For months, we discussed the importance and why it’s important to take care of our furniture and materials. We even tied it to the topic of recycling and repurposing to cut down on waste. To my surprise, the children really listened and followed our guidance – they worked as a community. They pointed out how they needed trays or poster board to protect the tables when they used drawing or painting tools. They pointed out how they should place containers on the shelves gently so that it doesn’t scratch the surface. They even asked for soap and water when they noticed dirt or dust so that shelves, toys and materials remained clean. We hosted pretend auctions and class furniture sales so that children could help to rearrange and repurpose materials. And parents were excited to bring in items from home that they no longer needed.


Several standards were covered in Science, Social Studies, Math, Language, Personal Social, Physical Development and Emotional Development (I pretended to cry when we auctioned off my favorite basket to my co-teacher… the children were moved by my emotion and so they problem-solved ways to buy it back). Speaking of problem solving, there were several opportunities to work on that skill. The children practiced using their imagination by thinking of ways to use materials creatively and in multiple ways. We looked through magazines, home photos, made comparisons to furniture and materials outside of school that were familiar to us and involved other teachers, staff and parents that wanted to participate. Overall, the lesson helped to build school-wide awareness of how we take care of our home and school environments.


Many of you tie your specific themes or lessons to books and there are several books that you could use with the lesson(s) I just mentioned. I can’t recall all of the books I used with my topic because it was so long ago… but I do remember one. If you’re wanting to help children think about their class physical environment and the materials they use, here are a few books that you can find through Scholastic or Amazon to enhance your children’s experiences on the topic.


  1. This book would allow your children to think about and imagine the type of furniture and appliances they would want in their own house. The children could create a blueprint of how they would want their house to look and function. Provide materials in the block, art, writing and science areas to help them follow their blueprint. Take pictures, create a class book and allow them to share. This book will help you include STEM projects into this lesson. Read over and over again because the story also rhymes


  1. The word I would use to describe this book would be… delightful. You could use this book to share with children the importance of everything in the classroom and how they should be thankful to have a safe, fun and active place to learn each day. Point out how the young child talks about furniture, pets, materials and ask why they think the young child is so happy and appreciative to have these things. Ruth Krauss is the author of The Carrot Seed and Maurice Sendak is the illustrator for Where the Wild Things Are. So the combination of these children book legends will always produce a unique and imaginative child’s perspective.

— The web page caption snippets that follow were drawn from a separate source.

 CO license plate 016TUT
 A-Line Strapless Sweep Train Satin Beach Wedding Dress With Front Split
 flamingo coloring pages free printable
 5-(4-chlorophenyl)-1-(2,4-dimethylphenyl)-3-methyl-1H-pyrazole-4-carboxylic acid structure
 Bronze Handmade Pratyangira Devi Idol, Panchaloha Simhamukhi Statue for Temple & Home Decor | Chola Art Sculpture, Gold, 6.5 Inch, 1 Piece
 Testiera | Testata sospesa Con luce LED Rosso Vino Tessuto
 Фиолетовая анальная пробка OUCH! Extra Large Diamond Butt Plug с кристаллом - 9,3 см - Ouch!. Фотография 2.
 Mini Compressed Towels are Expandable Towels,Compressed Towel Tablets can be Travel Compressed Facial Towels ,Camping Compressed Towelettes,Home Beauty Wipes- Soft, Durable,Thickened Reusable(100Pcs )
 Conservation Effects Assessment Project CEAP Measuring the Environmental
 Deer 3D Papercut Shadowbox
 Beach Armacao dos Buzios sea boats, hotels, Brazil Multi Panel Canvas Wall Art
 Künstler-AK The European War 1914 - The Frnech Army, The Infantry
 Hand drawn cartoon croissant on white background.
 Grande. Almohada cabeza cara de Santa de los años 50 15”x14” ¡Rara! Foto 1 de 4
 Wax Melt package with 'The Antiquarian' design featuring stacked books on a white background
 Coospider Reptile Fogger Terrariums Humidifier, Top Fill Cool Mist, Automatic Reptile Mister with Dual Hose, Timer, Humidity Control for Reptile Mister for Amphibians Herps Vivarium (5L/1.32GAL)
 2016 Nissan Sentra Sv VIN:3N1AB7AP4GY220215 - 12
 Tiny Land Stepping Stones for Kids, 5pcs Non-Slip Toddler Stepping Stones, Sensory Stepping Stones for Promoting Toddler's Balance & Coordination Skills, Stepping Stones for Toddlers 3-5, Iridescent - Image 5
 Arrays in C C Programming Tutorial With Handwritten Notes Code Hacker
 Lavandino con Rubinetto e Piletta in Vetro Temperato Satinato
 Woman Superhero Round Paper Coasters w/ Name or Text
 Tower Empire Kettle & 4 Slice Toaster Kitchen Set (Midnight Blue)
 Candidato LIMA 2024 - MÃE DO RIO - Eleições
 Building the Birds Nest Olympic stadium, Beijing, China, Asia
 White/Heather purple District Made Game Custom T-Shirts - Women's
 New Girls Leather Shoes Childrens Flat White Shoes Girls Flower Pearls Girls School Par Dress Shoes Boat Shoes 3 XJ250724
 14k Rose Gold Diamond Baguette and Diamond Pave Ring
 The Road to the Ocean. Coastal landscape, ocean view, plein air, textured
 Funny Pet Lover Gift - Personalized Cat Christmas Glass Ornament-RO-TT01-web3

  1. If you think about it, lots of classic fairy tales involve characters that use furniture or materials in interesting ways. I tied my lesson to familiar fairy tales and I remember one of the books was Goldilocks and the Three Bears – A Tale Moderne by Steven Guarnaccia. This book is very special because it allows you to expose children to art and furniture styles that are displayed in magazines, museums and perhaps their homes. You can even go a step further to expose them to different artists, art styles and colors. Steven also modernized the story of the Three Little Pigs which can be used to expose children to famous architects and architectural styles. It’s fun to introduce new vocabulary words and concepts that they will most likely see again as they continue their schooling.



Children would love to be able to reread and picture-read these books over and over again. Make sure you place them in your book area and revisit activities and class pictures throughout the year. Your class furniture and materials will benefit from your effort to support children as they take care of their classroom as a community.